Giancarlo Esposito may be a big star now, but times were so tough in the aughts that he considered committing insurance fraud to help pay the bills.
During a recent interview on of SiriusXM’s Jim & Sam, The Gentleman star recalled a time in 2008 when he was feeling particular desperate about cash flow.
“My way out in my brain was, ‘hey, do you get life insurance if someone commits suicide? Do they get the bread?’ My wife had no idea why I was asking this stuff,” recalled Esposito. “I started scheming. If I got somebody to knock me off, death by misadventure, [my family] would get the insurance. I had four kids. I wanted them to have a life. It was a hard moment in time. I literally thought of self-annihilation so they could survive. That’s how low I was.”
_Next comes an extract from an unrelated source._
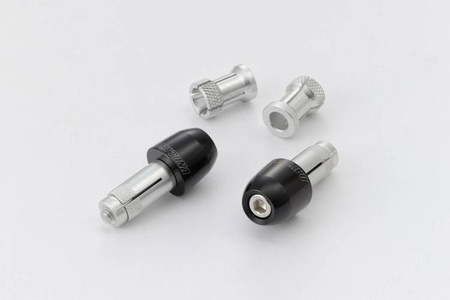 Końcówka kierownicy PINO-1 14-19mm czarny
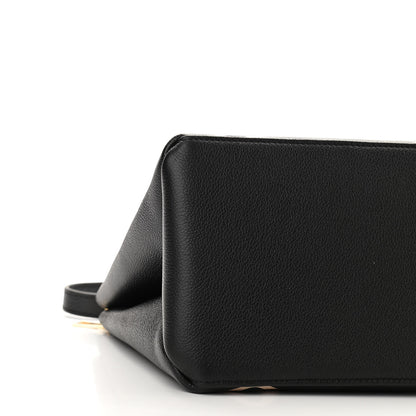 Louis Vuitton Empreinte Monogram Giant Grand Palais Black Beige 7 of 8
“Then I started to think that’s not viable because the pain I would cause them would be lifelong, and there’d be lifelong trauma that would just extend the generational trauma I’m trying to move away from,” he continued. “The light at the end of the tunnel was Breaking Bad.”
Though he had been working regularly since the ’80s with roles in Taps, The Cotton Club, Sesame Street and Harley Davidson and the Marlboro Man, as well as one-off spots in multiple TV dramas, the tide changed in 2009 when Esposito booked the role as Gus Fring on the AMC series. The role earned him three Emmy nominations — two for Breaking Bad and one for the spinoff, Better Call Saul.
Esposito now stars in Parish as a taxi driver whose life is altered when he agrees to transport a Zimbabwean gangster mostly known for exploiting undocumented immigrants at the southern U.S. ports.